# Selecting varroa tolerant bees...



## BeeButler (Feb 1, 2011)

I'm not what you would consider a seasoned veteran in this biz, but I'm guessing if you split a nuc into 3 colonies/hives since April, the break(s) in the brood cycle would explain your paucity of mites. But, I'll defer to others with more of a pedigree.

Brian


----------



## Lburou (May 13, 2012)

Thanks, I did the PS treatments before the splits....But there have been long periods without brood this summer. 
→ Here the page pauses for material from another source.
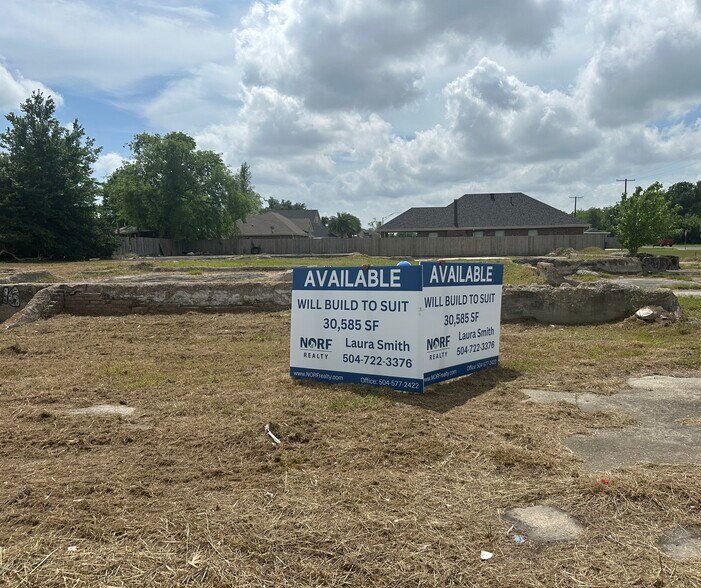 More Photos Of 6930 St Claude Ave, Arabi Land For Sale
What I'm curious about is why open celled worker brood indicates the bee strain is not a recommended selection for local varroa-resistant stocks.


----------



## AmericasBeekeeper (Jan 24, 2010)

In draught conditions they will remove brood they cannot raise to maturity. We are really seeing it in the observation hive lately and they are anything but hygienic. You might even see them suck the liquid protein out before tossing them out the front door.


----------



## Lburou (May 13, 2012)

I think I understood something that was not in the meaning of the reference I cited in the OP. I assumed the study was recommending not selecting bees carrying the trait causing bald brood. Perhaps the study simply referred to a queen's brood pattern and how they rejected brood patterns with occasional 'misses', leaving empty cells where they want to see worker brood.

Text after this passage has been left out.